Portugal Makes Waves in Alternative Energy

The coastal country is fast becoming an enthusiastic leader in drawing power from the sea, the wind, and the sun

Portugal's sunny climate and picturesque coastline have long been a magnet for tourists. But now, those natural attractions are drawing a different kind of attention. From solar photovoltaics to electricity generation from wind and ocean waves, some of the world's most ambitious and innovative renewable-energy projects are taking shape in this historically poor country of 10.5 million on Europe's western rim.

In a farming region 125 miles southeast of Lisbon, General Electric's (GE) GE Energy Financial Services unit is teaming up with PowerLight, a Berkeley (Calif.)-based solar-electric equipment maker, to build the world's largest photovoltaic-generation project. The $75 million project, announced on Apr. 27, calls for construction of an 11-megawatt powerplant that will start operating next January, producing enough energy to light and heat 8,000 homes.

The Portuguese government is expected to award a contract this summer for the construction of more than $1.3 billion worth of wind turbines around the country, enough to provide power for 750,000 homes. And the world's first commercial "wave farm," which will generate electricity from ocean waves, is expected to start operation later this year off Portugal's northern coast.


  Cylindrical floating generators built by a Scottish company, Ocean Power Delivery, are expected to provide enough power to supply 1,500 households. The facility will be operated by Enersis, a unit of Semapa, a Portuguese developer of hydroelectric and wind-generation projects.

These and other facilities -- including a planned new hydroelectric dam on the Sabor river -- reflect Portugal's push to reduce its dependence on the imports that now supply 86% of the country's energy needs. "Portugal doesn't have the luxury of having conventional resources" such as oil, gas, and coal to generate electricity, says Andrew Scott, an Ocean Power Delivery engineer who's overseeing the wave project. "But it does have some very good renewable resources."

Generating electricity from the sun, wind, and waves also can help Portugal curtail greenhouse-gas emissions. Because of the country's rapid economic development after its 1986 entry into the European Union, emissions increased almost 37% from 1990 to 2003, one of the fastest growth rates in the world. GE and PowerLight estimate that their photovoltaic project will reduce annual greenhouse-gas emissions by 30,000 tons.


  To encourage such projects, the Portuguese government is providing incentives ranging from R&D grants to preferential tariffs for electricity generated from renewable sources. For example, the operators of the ocean-wave farm will collect more than 25 cents per kilowatt hour for electricity they supply to utility companies -- more than four times the rate for electricity generated from conventional sources.

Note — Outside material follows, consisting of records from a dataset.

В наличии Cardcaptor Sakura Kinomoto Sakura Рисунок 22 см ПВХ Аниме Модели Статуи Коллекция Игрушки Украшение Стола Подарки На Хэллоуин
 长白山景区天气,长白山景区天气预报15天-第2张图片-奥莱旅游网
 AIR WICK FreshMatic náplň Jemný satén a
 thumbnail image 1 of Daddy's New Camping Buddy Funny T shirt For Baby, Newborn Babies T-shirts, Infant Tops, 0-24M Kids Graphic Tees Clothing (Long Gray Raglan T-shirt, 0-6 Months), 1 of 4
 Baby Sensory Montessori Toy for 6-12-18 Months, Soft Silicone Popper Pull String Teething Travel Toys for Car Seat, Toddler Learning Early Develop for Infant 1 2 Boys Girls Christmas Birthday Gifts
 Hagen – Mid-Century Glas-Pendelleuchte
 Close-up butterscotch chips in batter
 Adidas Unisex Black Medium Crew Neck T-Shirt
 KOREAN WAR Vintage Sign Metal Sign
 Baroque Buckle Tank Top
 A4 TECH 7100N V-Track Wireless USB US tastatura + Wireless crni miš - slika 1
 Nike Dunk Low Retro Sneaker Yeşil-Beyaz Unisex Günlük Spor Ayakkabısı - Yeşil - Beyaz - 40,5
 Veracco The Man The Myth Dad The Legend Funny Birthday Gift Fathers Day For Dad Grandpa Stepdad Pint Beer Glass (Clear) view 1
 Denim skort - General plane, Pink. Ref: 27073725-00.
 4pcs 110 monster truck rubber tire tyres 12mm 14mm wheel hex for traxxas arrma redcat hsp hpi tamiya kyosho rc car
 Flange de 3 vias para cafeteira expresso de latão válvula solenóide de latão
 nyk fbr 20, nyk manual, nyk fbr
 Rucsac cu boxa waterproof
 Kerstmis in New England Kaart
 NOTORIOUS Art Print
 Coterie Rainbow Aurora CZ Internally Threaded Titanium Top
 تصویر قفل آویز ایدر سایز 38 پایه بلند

Many European countries, facing record-high fuel prices and concerns over global warming, are enacting similar measures (see BW Online, 4/6/06, "Europe Opens the Tap for Clean Energy").

For now, few if any of Portugal's alternative energy projects would be economically feasible without government help. But generating costs will come down as new technologies are tested and made more efficient.


  And the projects' developers say they're on board for the long haul. "We hope this project clearly demonstrates that solar energy is a promising alternative power source that should be freed from roadblocks," said Sergio Costa, co-CEO of Portuguese alternative-energy group Cataventa, in a statement announcing plans for the photovoltaic plant. Cataventa developed the project and is providing management services.

Sunshine and scenery will remain the big attractions for most people visiting Portugal. But maybe soon they'll consider adding a visit to a state-of-the-art renewable energy plant to their sightseeing itinerary.